NIFA eyes imposing spending cuts for 1st time

Luke Torrance
The Nassau County Executive and Legislative Building as seen in Garden City. (Photo by Noah Manskar)

The Nassau Interim Finance Authority is poised to impose spending cuts on the county budget for the first time in its 17-year history.

NIFA, established in 2000 to oversee the county’s troubled finances, has threatened to cut Nassau’s spending in the past.

But the board is poised to step in after rejecting the 2017 budget submitted to them by the county Legislature, claiming that some assumptions for revenue were unrealistic.

NIFA Spokesman David Chauvin said the board would make a decision on spending cuts at their next meeting on Dec. 7.

“The NIFA Board is currently deliberating and will comment further once a consensus is reached among the directors,” he said.

On Monday, the legislature’s Presiding Officer Norma Gonsalves (R-East Meadow) sent a letter to NIFA Chairman Adam Barsky.

In the letter, Gonsalves says that NIFA has “departed from (Generally Accepted Accounting Principals) standards” and that NIFA’s refusal to allow bond premiums of a source of revenue “has perpetuated the conditions that allow it to maintain a control period.”

She said revenue from bond premiums could add $30 million in contingent revenue.

Gonsalves also included several additional budget adjustments for the control board’s consideration that would close the $31.5 million budget hole.

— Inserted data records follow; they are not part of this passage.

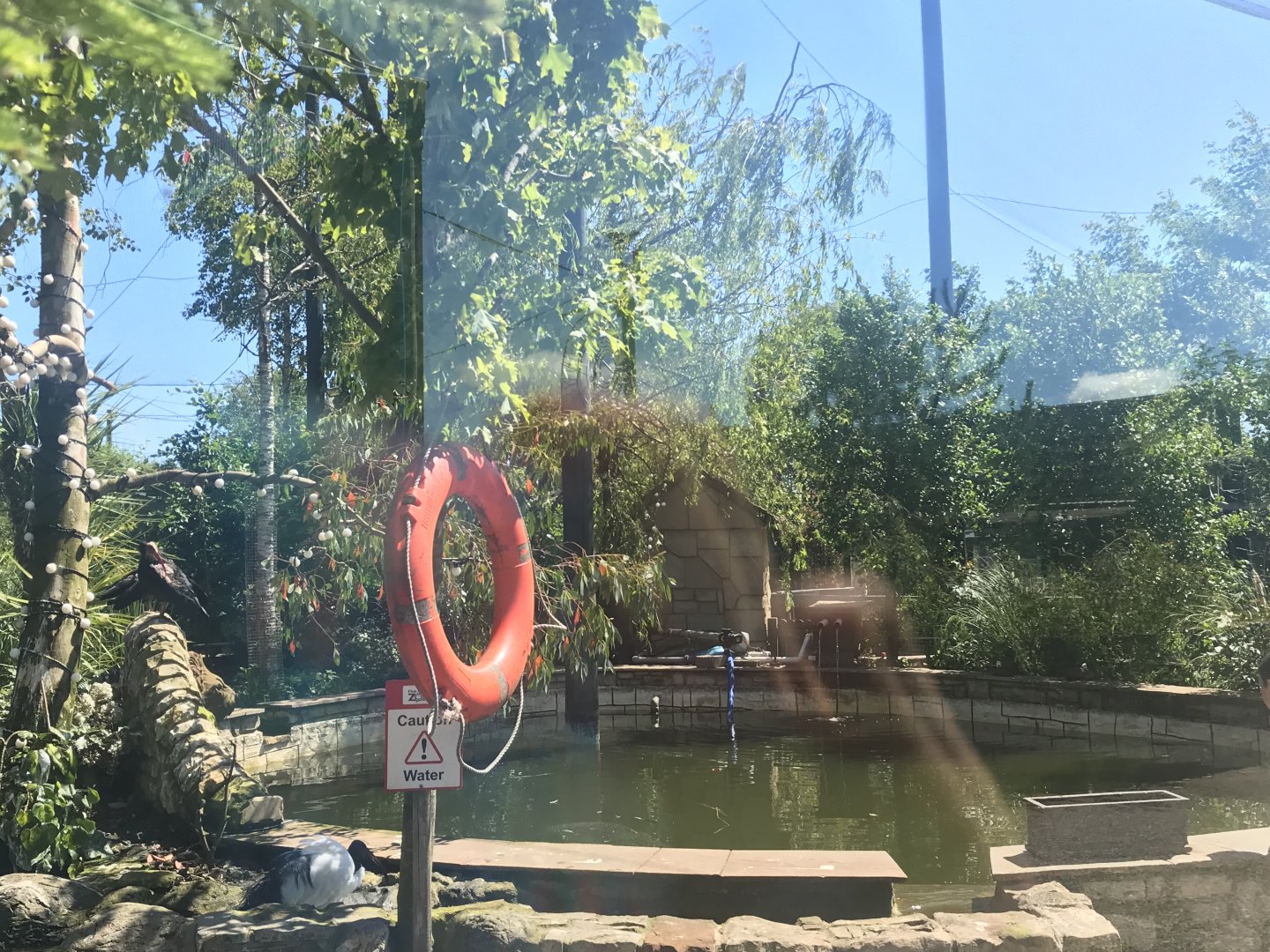 Birds of the world walkthrough aviary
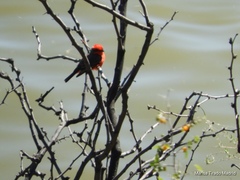 Pyrocephalus rubinus flammeus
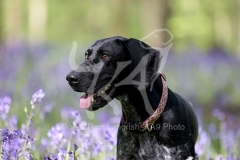 Pointer - German Shorthaired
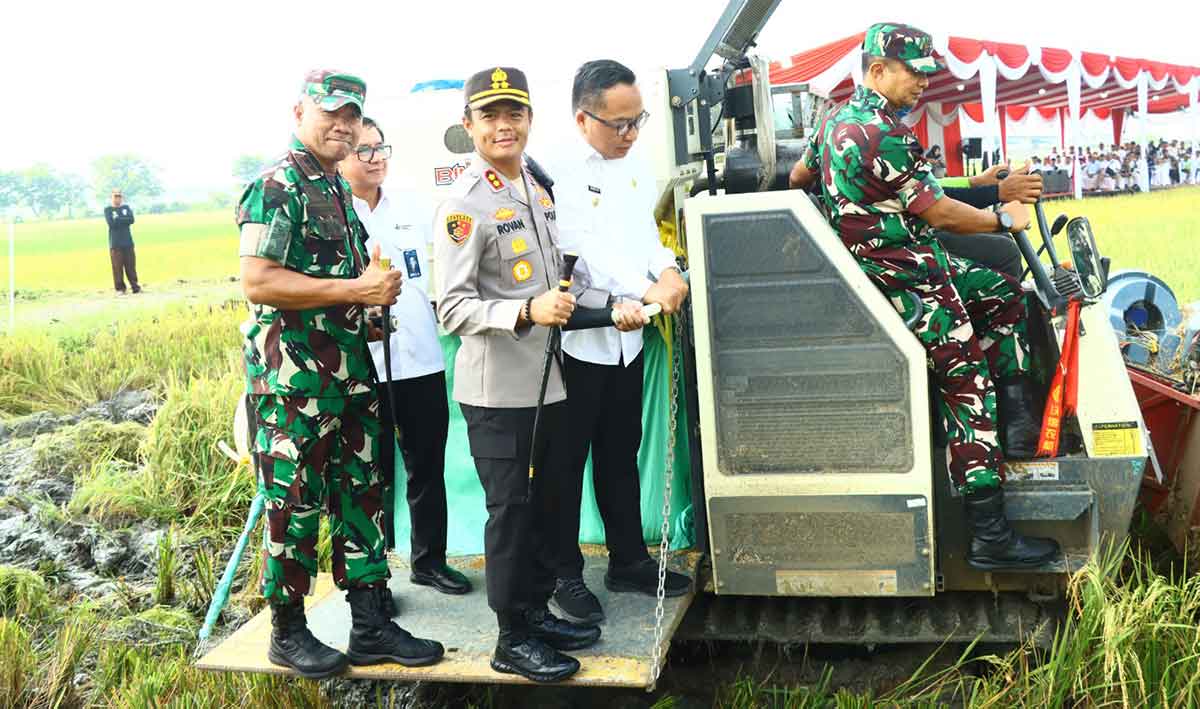 Sejumlah pejabat yang menghadiri panen raya padi serentak di Desa Mulung, Kecamatan Driyorejo, Gresik. Foto: Ist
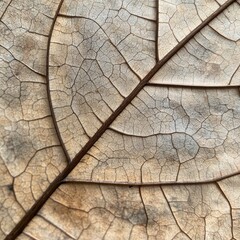 Fototapeta premium The leaf is brown and has a lot of texture
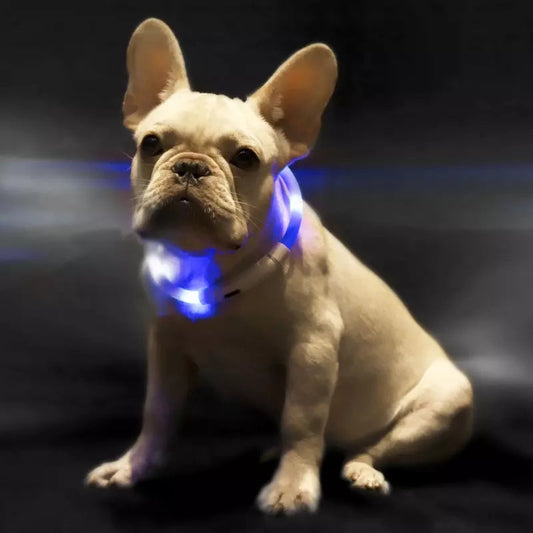 Dog Collar LED Glowing Light-Up Night Safety Anti-Lost Strap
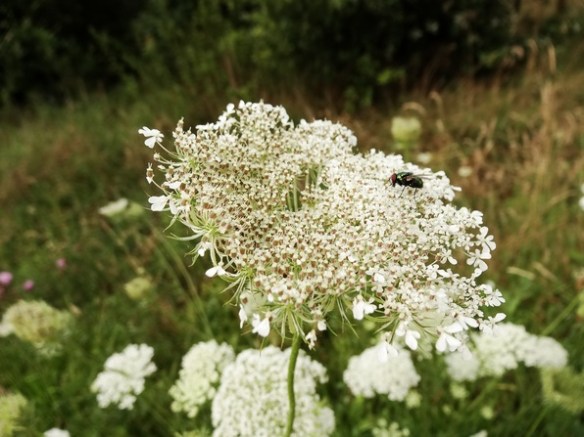 Peen Daucus carota met vlieg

The biggest would be to eliminate expenses related to “other than personal services” which includes contract, equipment, general expenses, utilities and outside counsel contracts. This spending cut was identified by the Democratic caucus, the letter said, and would reduce expenses by $15,737,755.

She proposed cutting police overtime, which would save $5 million, and a transfer of money from a Sewer Fund tax increase to the General Fund would bring in $9.8 million.

She also said that NIFA’s predictions for the county’s sales tax revenue were too conservative because the board’s analysis of historical sales tax averages incorporates the slow growth of the Great Recession. She said she expected the tax to yield $7 million in revenue.

One possible solution not mentioned in Gonsalves’ letter would be to bring back the county’s speed cameras, a program that brought much revenue to Nassau but made residents so furious that the cameras were removed after a few months.

Nassau County Presiding Officer Rich Nicollelo (R-New Hyde Park) said that there is no way the county could reinstate the program.

“It was clearly a money grab,” he said. “I think the public is completely opposed to it and cynical about it and I don’t think its something that will happen in the near future.”

He also expressed frustration with NIFA’s inflexibility.

“They’re holding Nassau to a different set of rules than other municipalities,” he said.